* **Task objective**:
Print the lines of the entries below from the one with "2026 Ford Bronco Raptor 4 Door Advanced 4x4" through the final line, exactly as they appear. The pictures are not part of the copy.
:: Information supplied ::
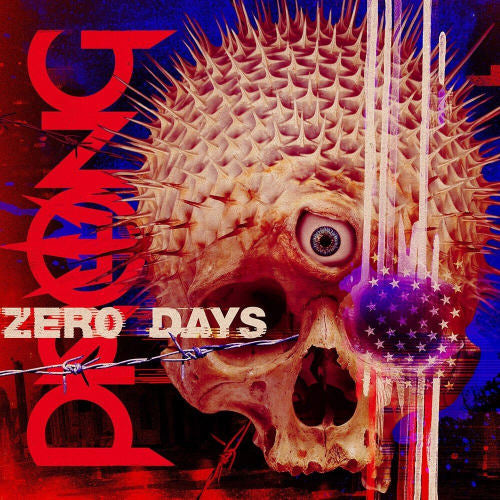 Prong - Zero days (CD) - Discords.nl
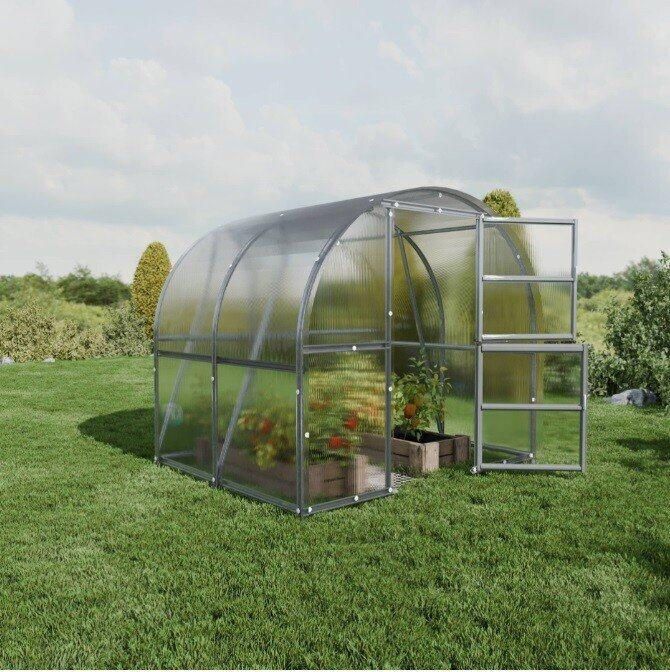 Trendyard Polycarbonaat Tuinkas Baltic LT 3 x 2 Meter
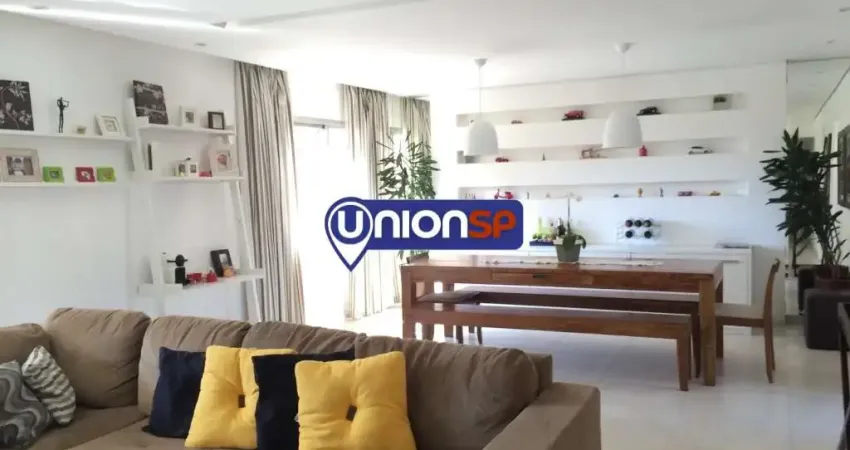 Apartamento com 5 quartos à venda na Rua Frederico Guarinon, Morumbi, São Paulo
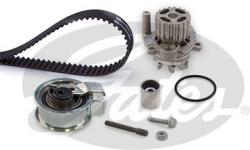 GATES Set pompa apa + curea dintata GATES PowerGrip KP15569XS-3 (KP15569XS-3)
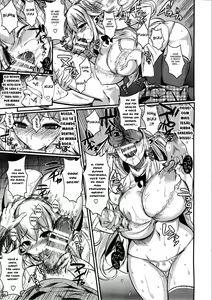 Page 33 of High Elf x High School - preview thumbnail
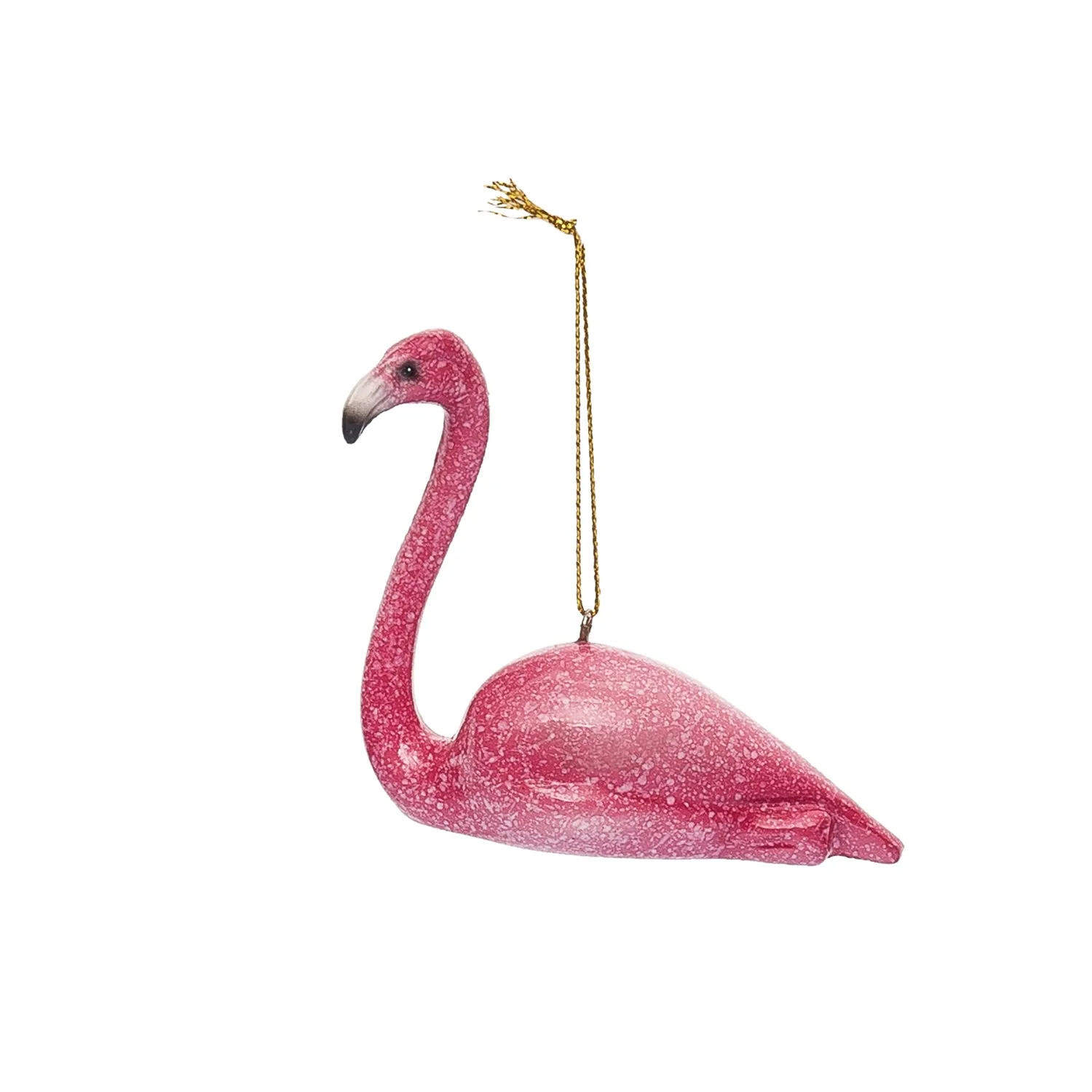 Flamingo Ornament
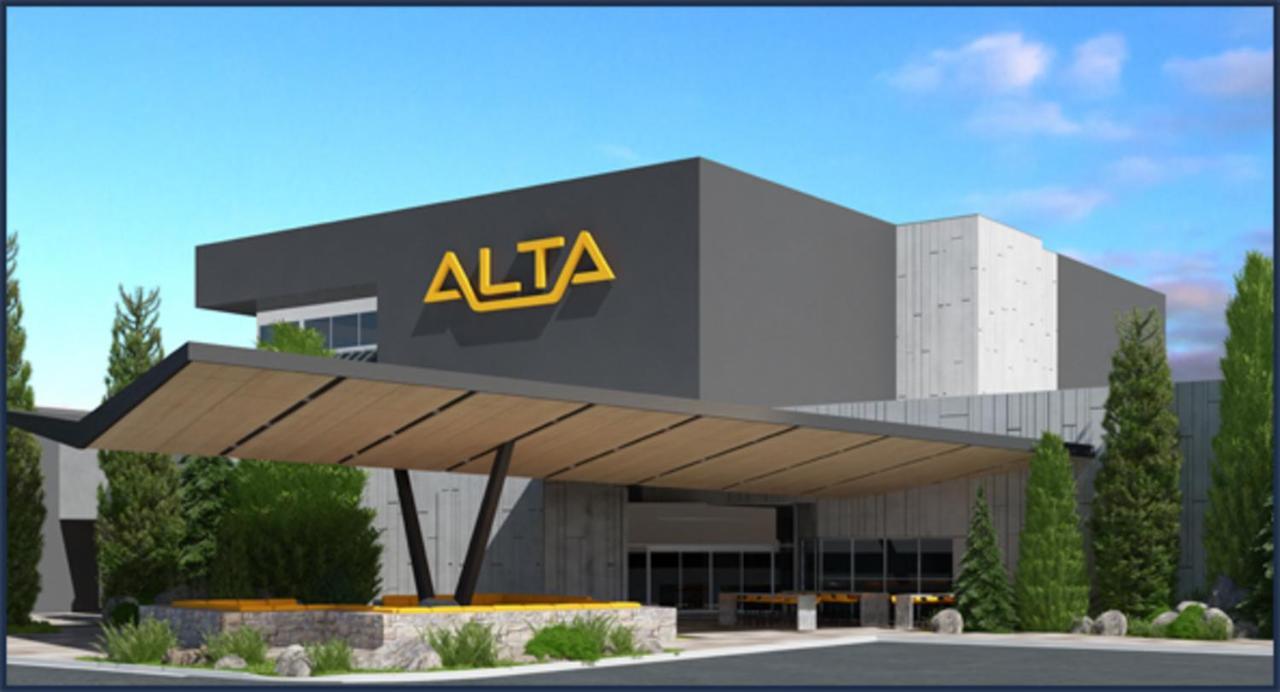 Alta Hotel Colorado Springs Exterior photo
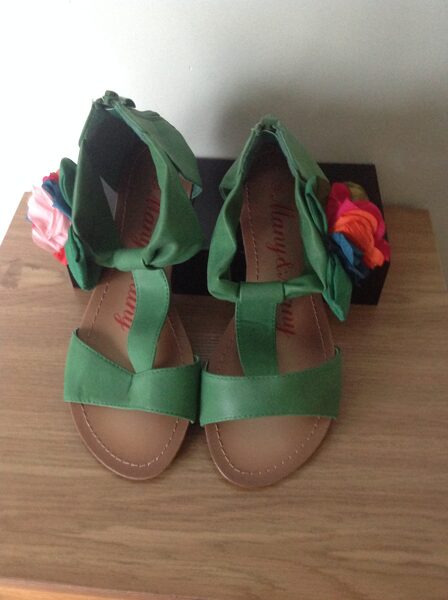 Žemapadės basutės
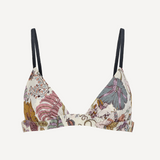 The TRIANGLE BRALETTE, Made with Tana Lawn™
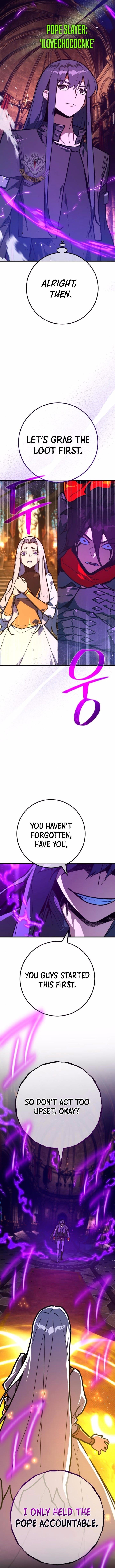 The Game’s Top Troll - Chapter 137 Page 3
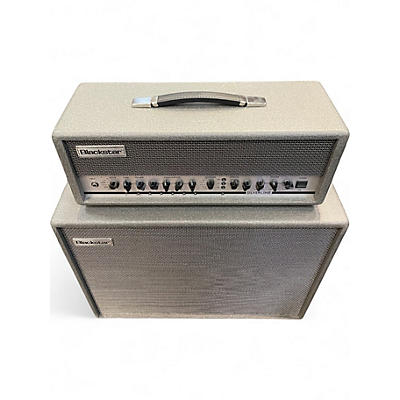 Used Blackstar SILVERLINE DELUXE HEAD Solid State Guitar Amp Head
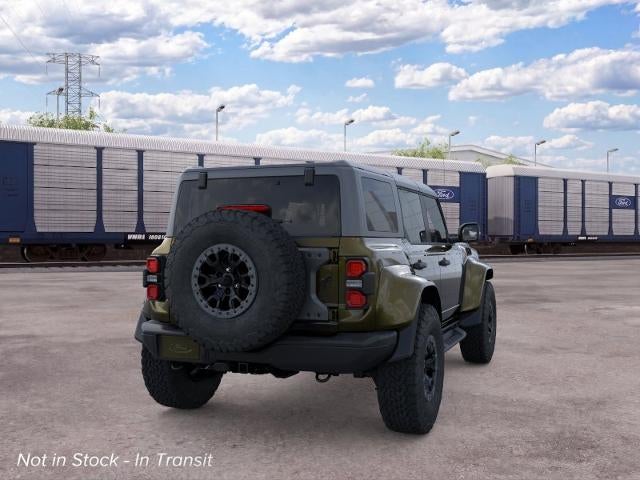 2026 Ford Bronco Raptor 4 Door Advanced 4x4
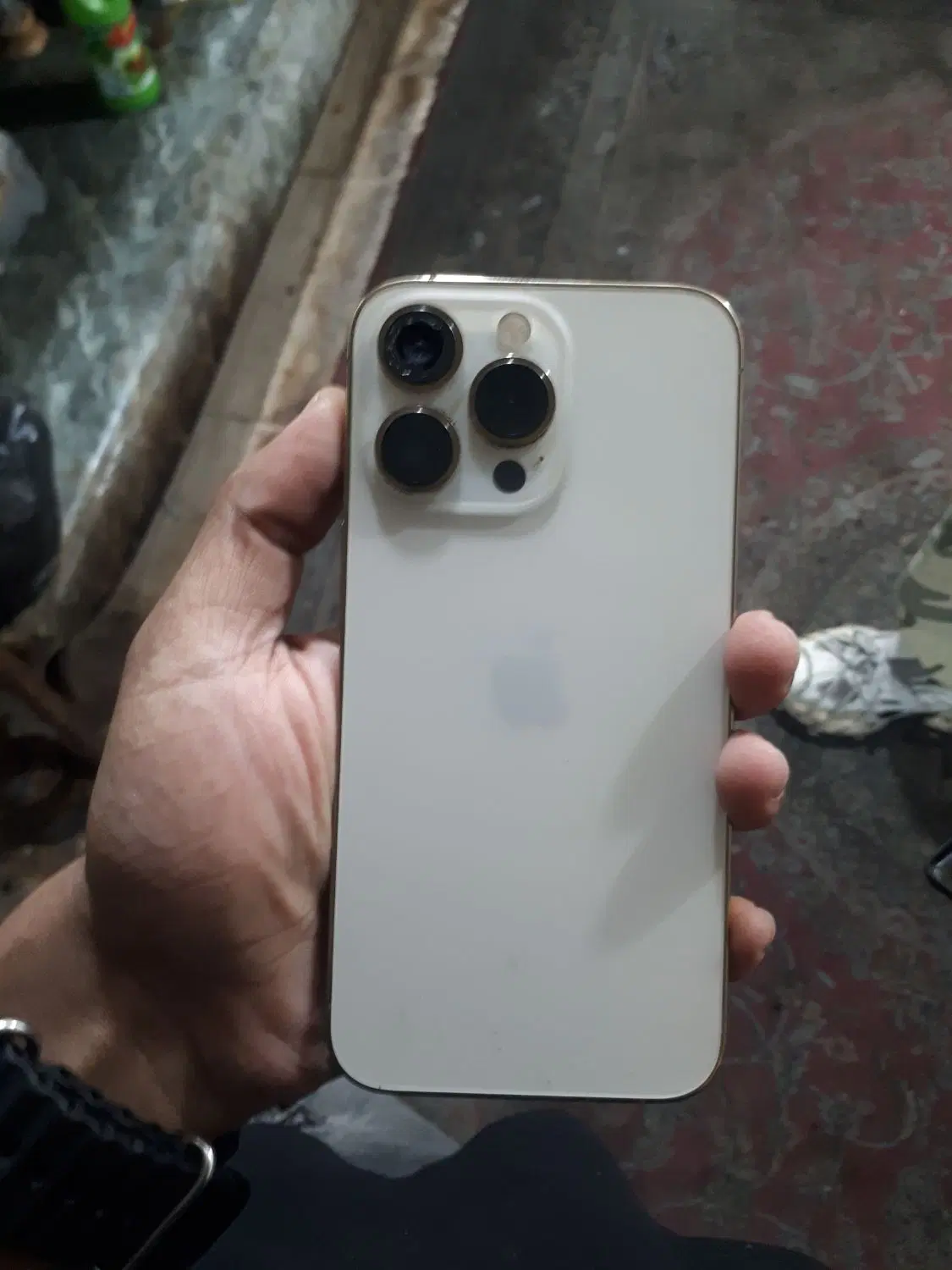 iphone 13pro|موبایل|رشت, چمارسرا|دیوار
:::
* **Written reply**:
 2026 Ford Bronco Raptor 4 Door Advanced 4x4
 iphone 13pro|موبایل|رشت, چمارسرا|دیوار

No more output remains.